Conservatives to end state pension triple lock

The Conservatives will abandon the state pension triple lock after 2020 and replace it with a new double lock, the party's general election manifesto revealed last week.

The double lock will mean that state pensions will increase in line with earnings or inflation, whichever is highest.

Contrary to Labour's manifesto, which plans on freezing the state pension age rises at 66, the Conservatives revealed they will increase the state pension age in line with growing life expectancy if they are re-elected to government on 8 June.

Hugh Nolan, President of the Society of Pension Professionals and Director at Spence & Partners, said: “The triple lock is unsustainable with our ageing population and so it is good to see the Conservative Party being honest about this uncomfortable truth.

"Pensions look like a typical battleground for this election with Labour promising benefits that might be unaffordable, the Lib Dems flying the flag for equality, and the Tories being ruthlessly realistic,” he added.

David Robbins, Senior Consultant at Willis Towers Watson, said the Office for Budget Responsibility assumes that, in the long term, the triple lock has the same outcome as increasing the state pension by earning plus 0.34% every year.

Using its methodology, the state pension double lock works out at earnings plus 0.26%. 

So, Mr Robbins said the value of affected state pensions would still be increased relative to average earnings, just by a bit less.

He said: "The 2.5% part of the triple lock doesn't make any sense as a policy, but it served a political purpose: it was there to avoid a repeat of the 75p per week increase in the basic state pension that Gordon Brown awarded in 2000, when inflation was low”. 

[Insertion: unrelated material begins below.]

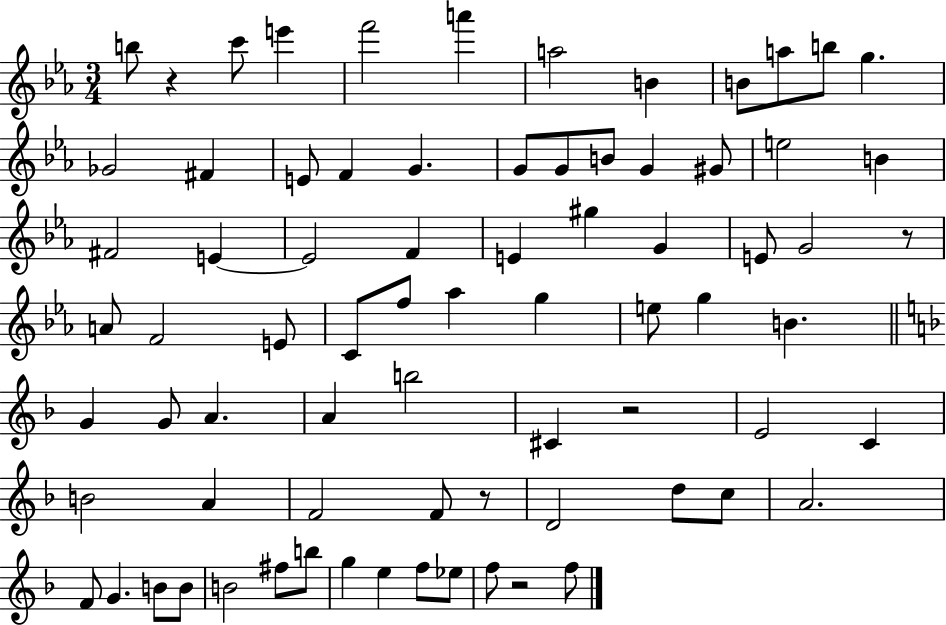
B5/e R/q C6/e E6/q F6/h A6/q A5/h B4/q B4/e A5/e B5/e G5/q. Gb4/h F#4/q E4/e F4/q G4/q. G4/e G4/e B4/e G4/q G#4/e E5/h B4/q F#4/h E4/q E4/h F4/q E4/q G#5/q G4/q E4/e G4/h R/e A4/e F4/h E4/e C4/e F5/e Ab5/q G5/q E5/e G5/q B4/q. G4/q G4/e A4/q. A4/q B5/h C#4/q R/h E4/h C4/q B4/h A4/q F4/h F4/e R/e D4/h D5/e C5/e A4/h. F4/e G4/q. B4/e B4/e B4/h F#5/e B5/e G5/q E5/q F5/e Eb5/e F5/e R/h F5/e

"Seventeen years on, (Conservative leader and prime minister) Theresa May used that 75p increase as a stick to beat Labour with in the final prime minister's questions before the election”. 

"So, it is hard to see her sticking rigidly to the double lock if inflation and earnings growth were both very low”.

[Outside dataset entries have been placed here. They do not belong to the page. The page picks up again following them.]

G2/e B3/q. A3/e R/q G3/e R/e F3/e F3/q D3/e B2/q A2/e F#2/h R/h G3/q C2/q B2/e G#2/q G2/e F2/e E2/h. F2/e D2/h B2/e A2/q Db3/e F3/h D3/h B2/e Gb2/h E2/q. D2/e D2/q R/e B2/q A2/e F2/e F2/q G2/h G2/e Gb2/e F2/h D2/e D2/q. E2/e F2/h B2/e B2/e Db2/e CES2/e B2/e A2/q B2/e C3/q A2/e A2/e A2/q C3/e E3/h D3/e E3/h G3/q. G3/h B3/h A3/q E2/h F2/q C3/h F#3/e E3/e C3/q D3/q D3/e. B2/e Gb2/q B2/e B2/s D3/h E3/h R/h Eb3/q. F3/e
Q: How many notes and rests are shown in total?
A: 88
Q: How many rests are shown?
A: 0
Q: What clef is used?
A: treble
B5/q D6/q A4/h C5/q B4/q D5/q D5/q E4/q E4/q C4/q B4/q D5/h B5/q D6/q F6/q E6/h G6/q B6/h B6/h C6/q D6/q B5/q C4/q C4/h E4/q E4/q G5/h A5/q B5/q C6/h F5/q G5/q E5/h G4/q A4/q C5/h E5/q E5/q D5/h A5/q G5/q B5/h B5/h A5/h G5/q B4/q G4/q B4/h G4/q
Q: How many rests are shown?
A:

The manifesto also stated the Conservatives will "ensure that the state pension age reflects increases in life expectancy".

Willis Towers Watson's Mr Robbins pointed out "that could mean anything - it is how those increases are reflected that matters. The fastest timetable that the Conservatives were considering before the election would see the state pension age rise to 68 in 2030 - just in time to catch the population bulge from the 1960’s baby boom”.

One significant omission from the manifesto is any mention of tax relief.

Mr Robbins warned: " When it comes to the future of tax relief, election campaigns are more significant for what politicians rule out than for what they rule in and it looks as though a re-elected Conservative government would have left itself the flexibility to consider all options”. 

"If change is seriously considered, the Pension Isa model looks the most likely option, with the Lifetime Isa - which the manifesto flags up - providing a foot in the door for this”.